Assignment
With pictures excluded, copy word for word the lines in the data below from the line containing "Thiết kế nhà ống đẹp Huế" through the line containing "Ball der einsamen".
━━ Data provided
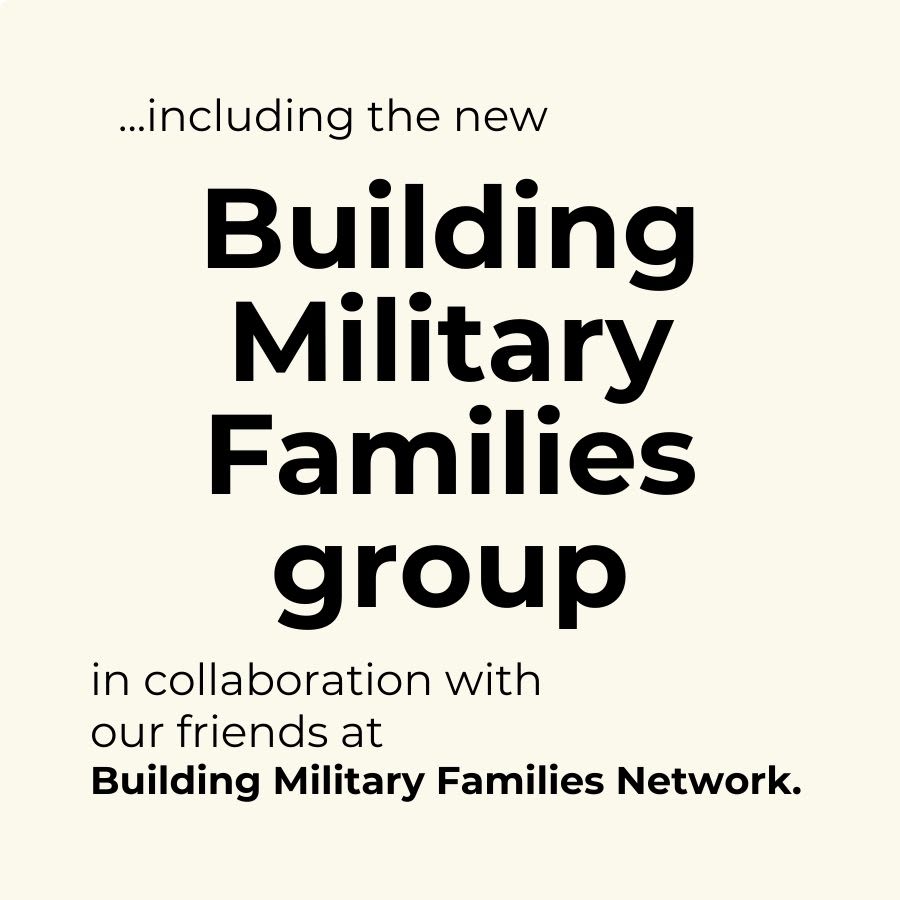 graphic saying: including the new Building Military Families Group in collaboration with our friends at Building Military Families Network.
━━━━
━━ Data provided
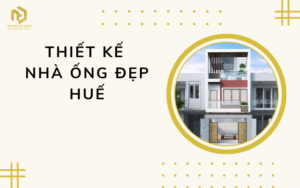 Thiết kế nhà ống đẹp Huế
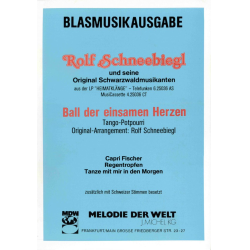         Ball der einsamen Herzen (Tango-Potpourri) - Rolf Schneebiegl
━━━━
Finished exercise
 Thiết kế nhà ống đẹp Huế
         Ball der einsamen Herzen (Tango-Potpourri) - Rolf Schneebiegl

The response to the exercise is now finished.